----- Supplied information -----

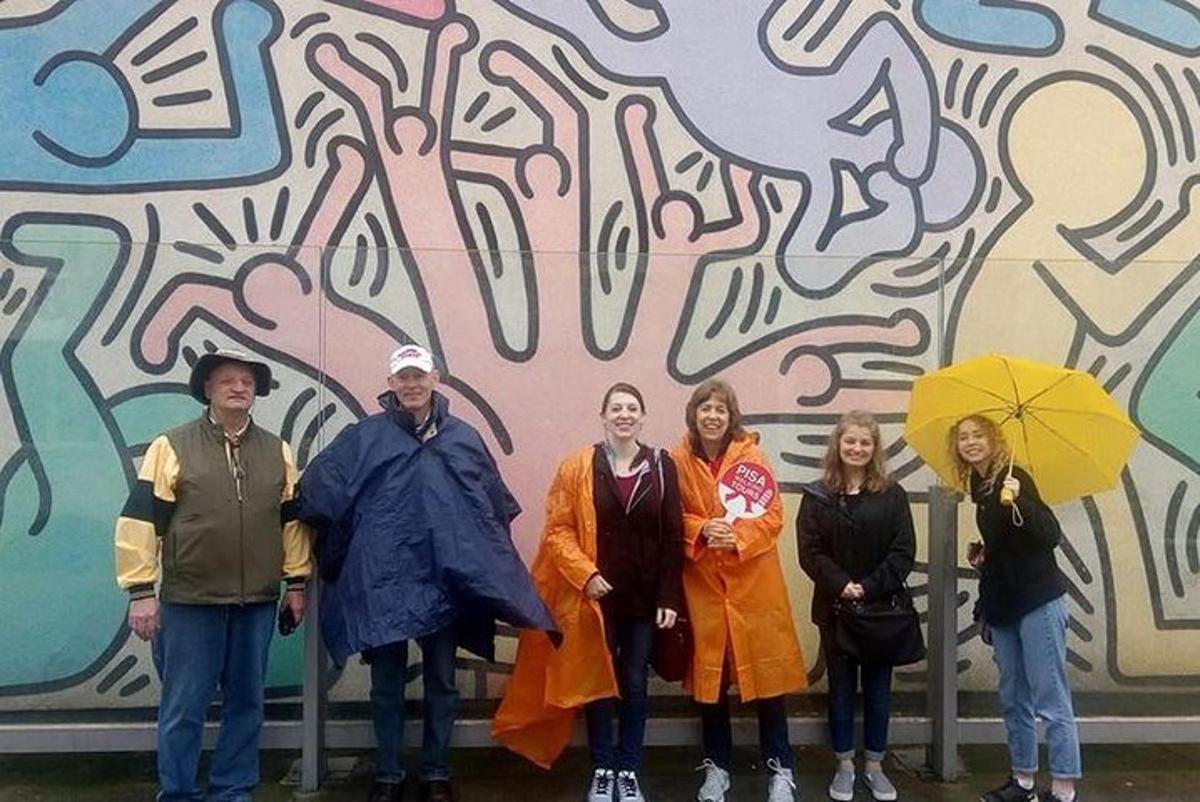 a group of people standing in front of a wall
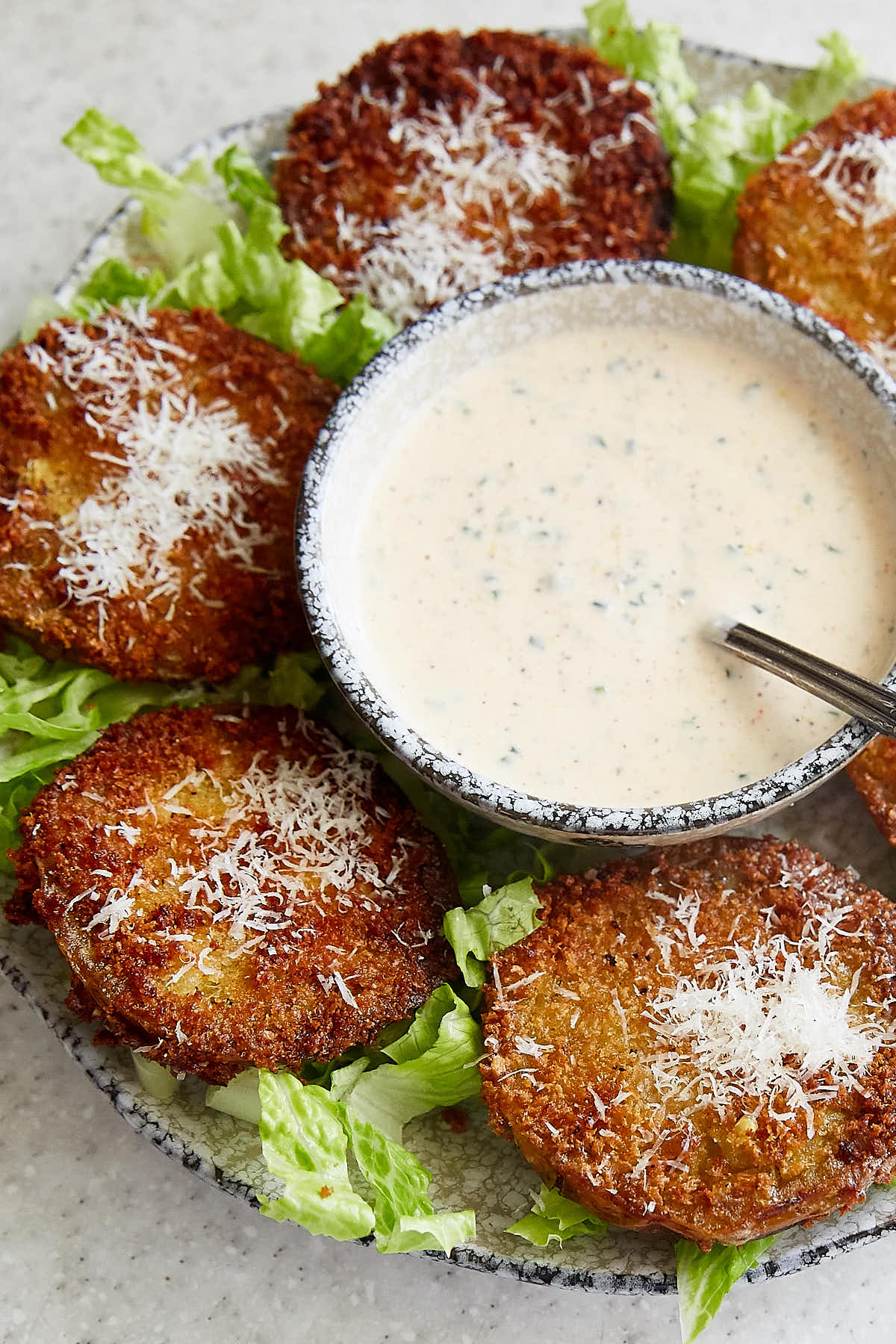 A bowl of ranch dressing next to fried green tomatoes.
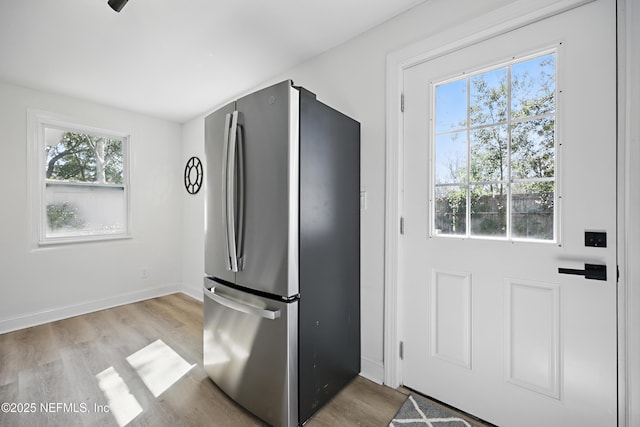 kitchen with baseboards, wood finished floors, and freestanding refrigerator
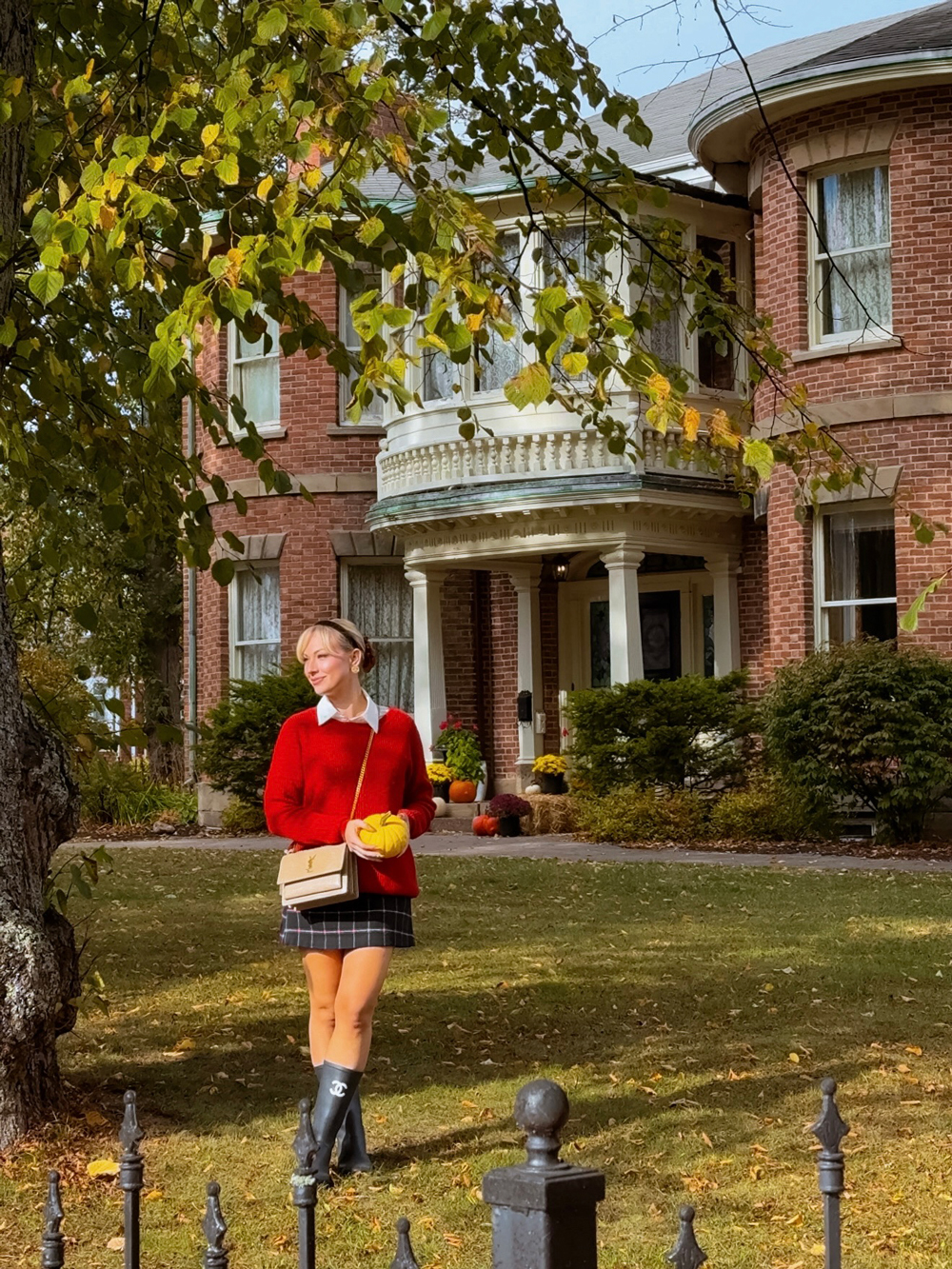 Fall at Fairholm Boutique Inns in Charlottetown, PEI &mdash; woman standing on the steps surrounded by pumpkins and festive d&eacute;cor.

-----

### Your goal
Pictures stay out; everything else in the listing above gets restated word for word.

### The completed task
 a group of people standing in front of a wall
 A bowl of ranch dressing next to fried green tomatoes.
 kitchen with baseboards, wood finished floors, and freestanding refrigerator
 Fall at Fairholm Boutique Inns in Charlottetown, PEI &mdash; woman standing on the steps surrounded by pumpkins and festive d&eacute;cor.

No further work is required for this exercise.